## YOUR ASSIGNMENT
Using the listing below, print the line containing "1989 Ford Bronco", the line containing "Блок управления стеклоподъемниками", and each line between them, exactly and nothing else. Pictures stay out of the print.
** RECORDS PROVIDED follows **
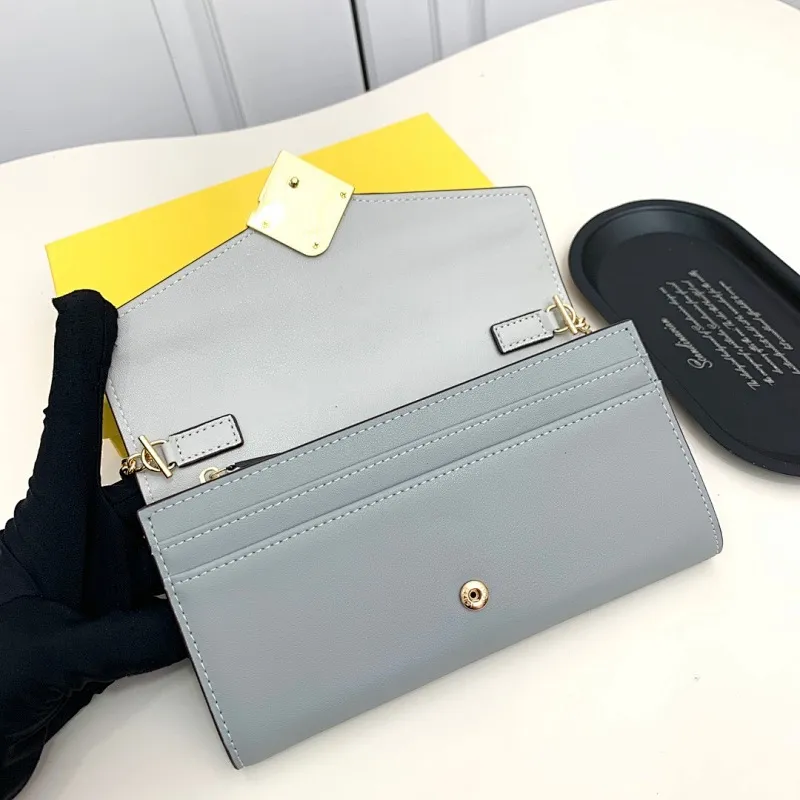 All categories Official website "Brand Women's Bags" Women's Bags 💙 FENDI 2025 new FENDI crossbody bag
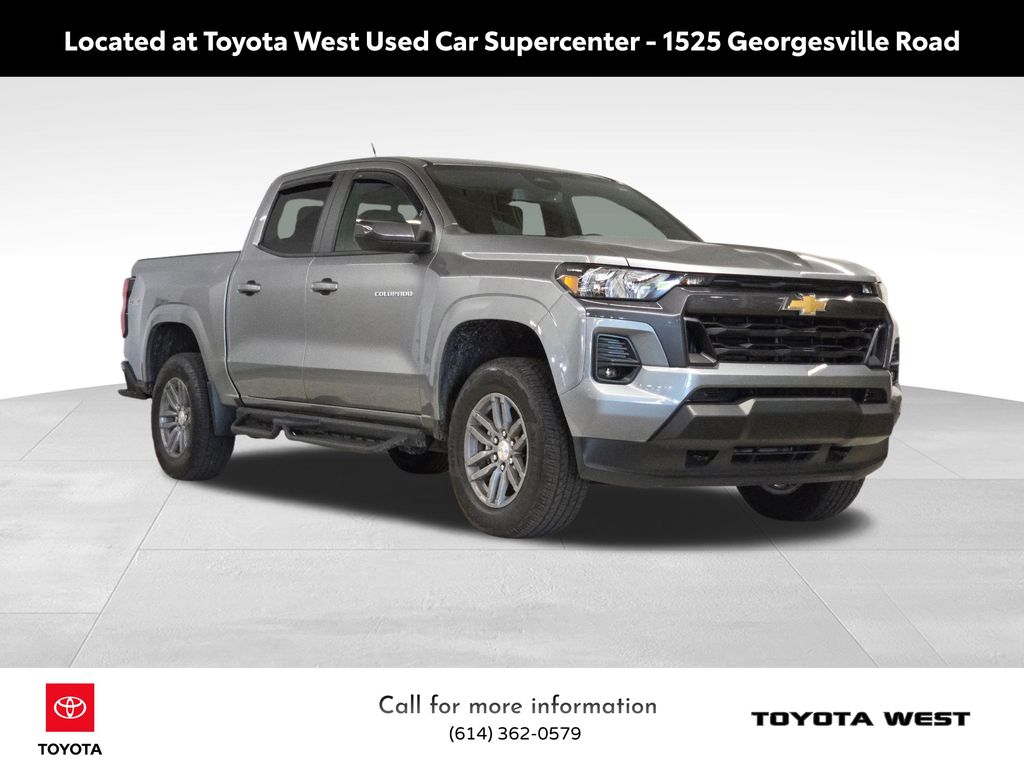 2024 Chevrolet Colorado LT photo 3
** End of RECORDS PROVIDED **
** RECORDS PROVIDED follows **
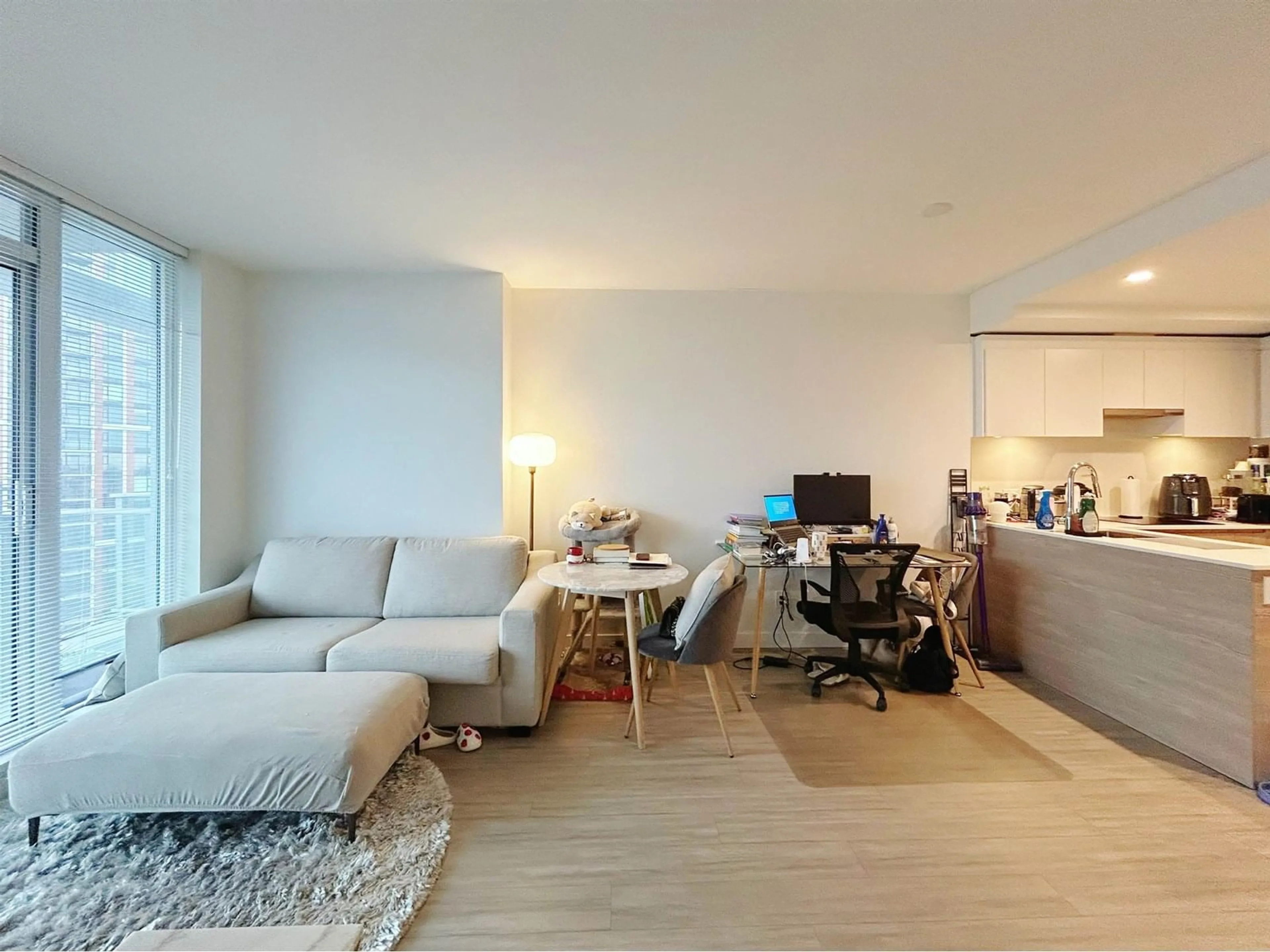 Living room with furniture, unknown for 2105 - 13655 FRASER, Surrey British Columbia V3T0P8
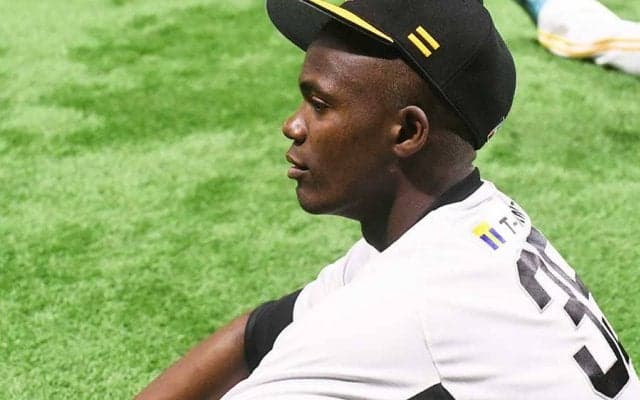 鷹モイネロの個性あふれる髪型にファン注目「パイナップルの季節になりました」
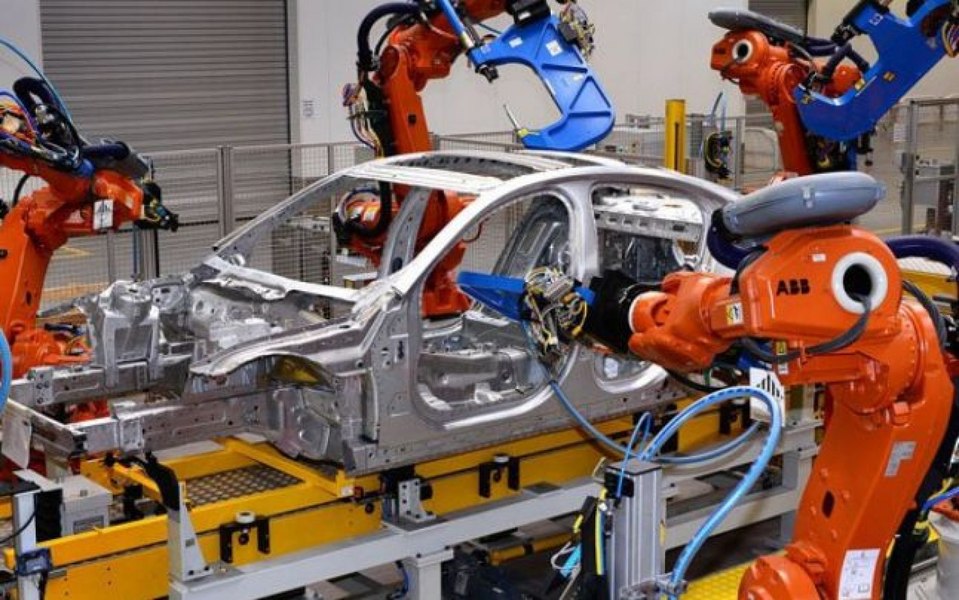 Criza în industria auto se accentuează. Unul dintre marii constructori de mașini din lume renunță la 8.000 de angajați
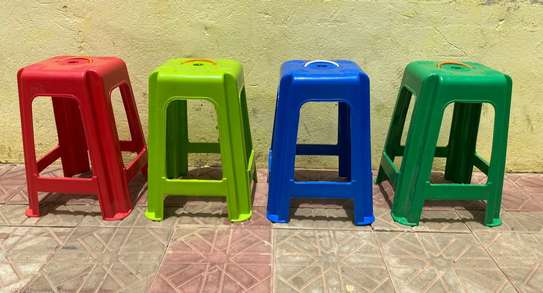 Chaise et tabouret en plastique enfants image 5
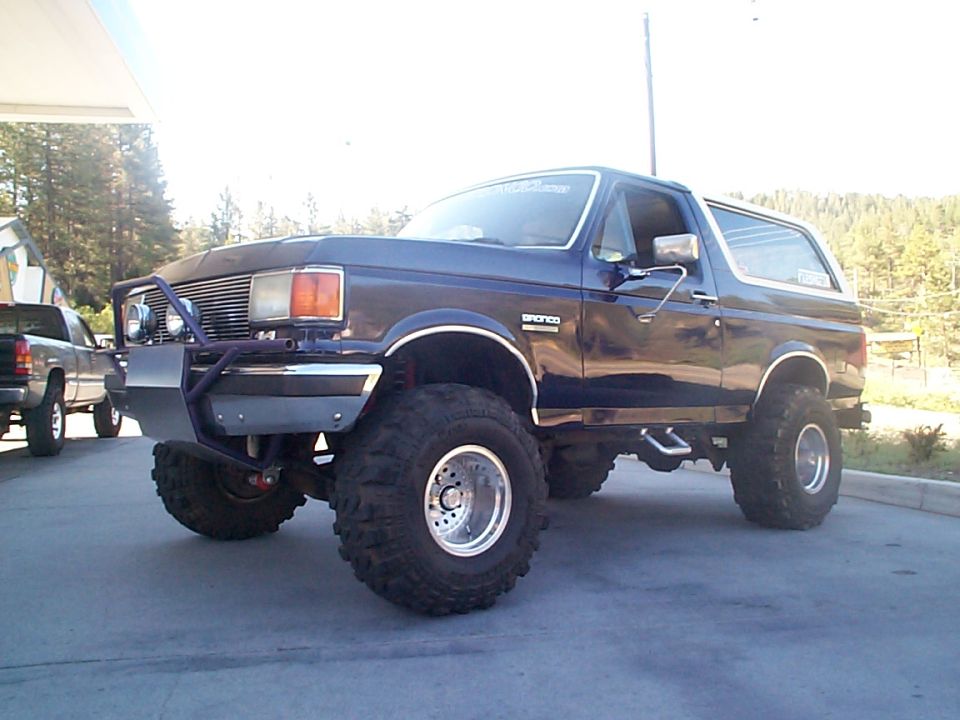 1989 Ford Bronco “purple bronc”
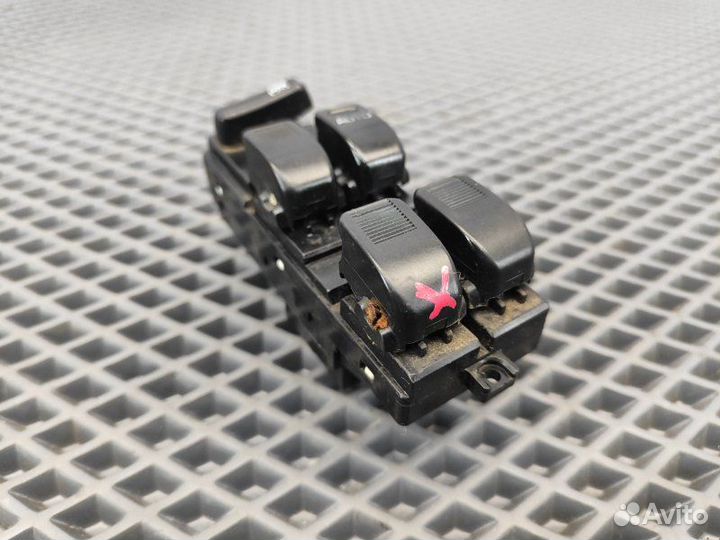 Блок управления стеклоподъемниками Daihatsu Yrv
** End of RECORDS PROVIDED **
** RECORDS PROVIDED follows **
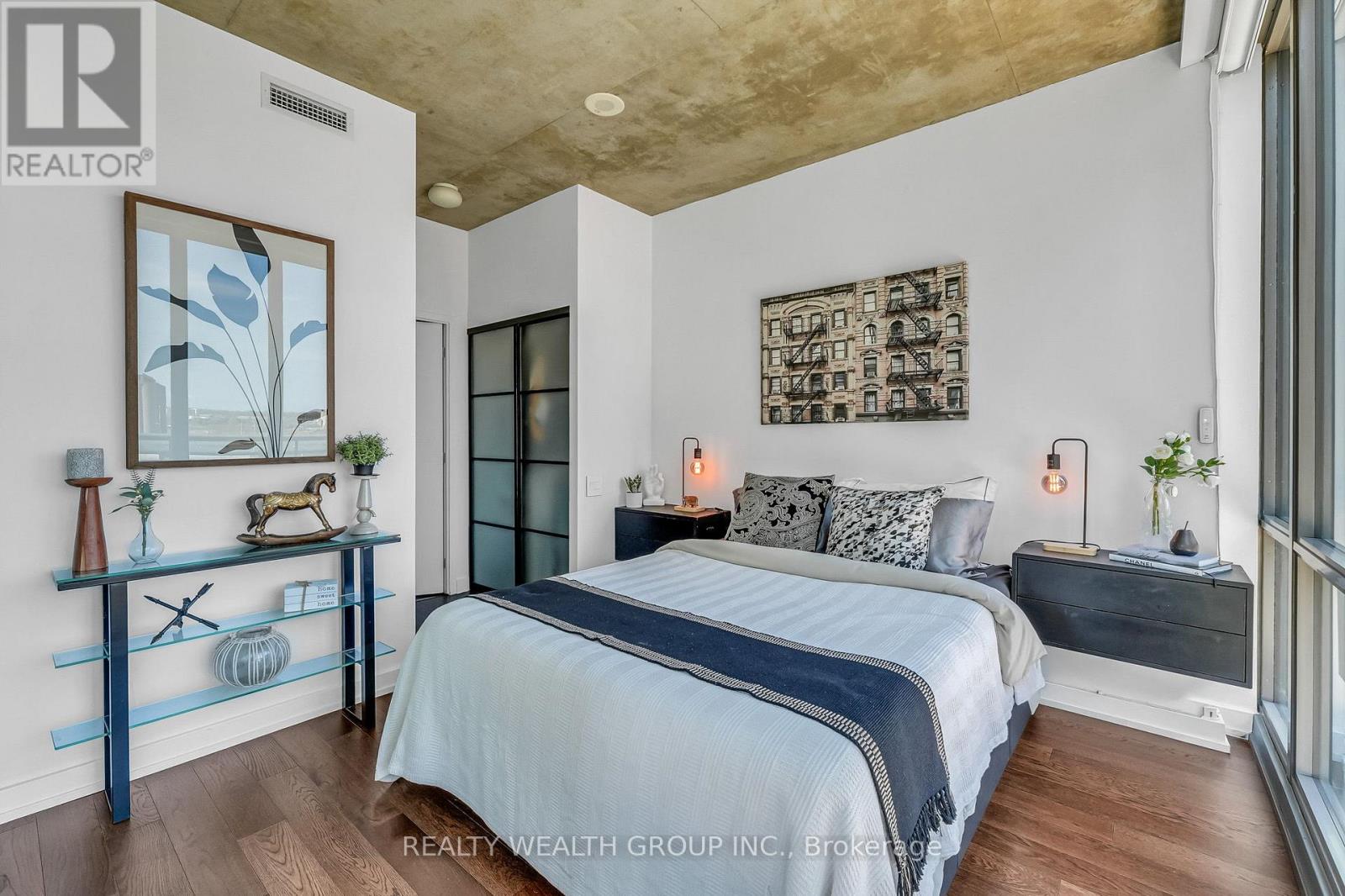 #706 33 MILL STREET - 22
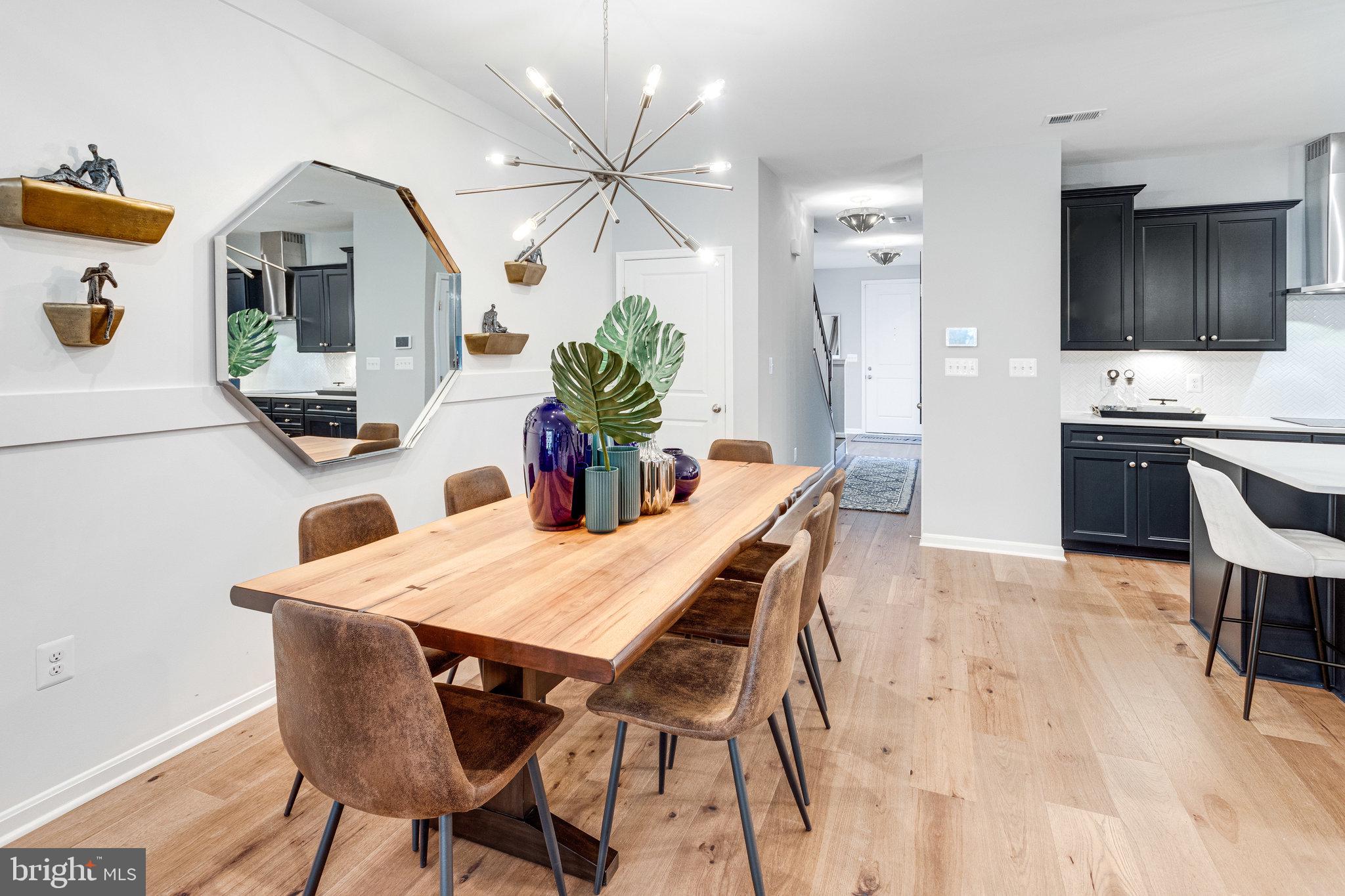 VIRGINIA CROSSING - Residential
** End of RECORDS PROVIDED **
## RESPONSE AREA
 1989 Ford Bronco “purple bronc”
 Блок управления стеклоподъемниками Daihatsu Yrv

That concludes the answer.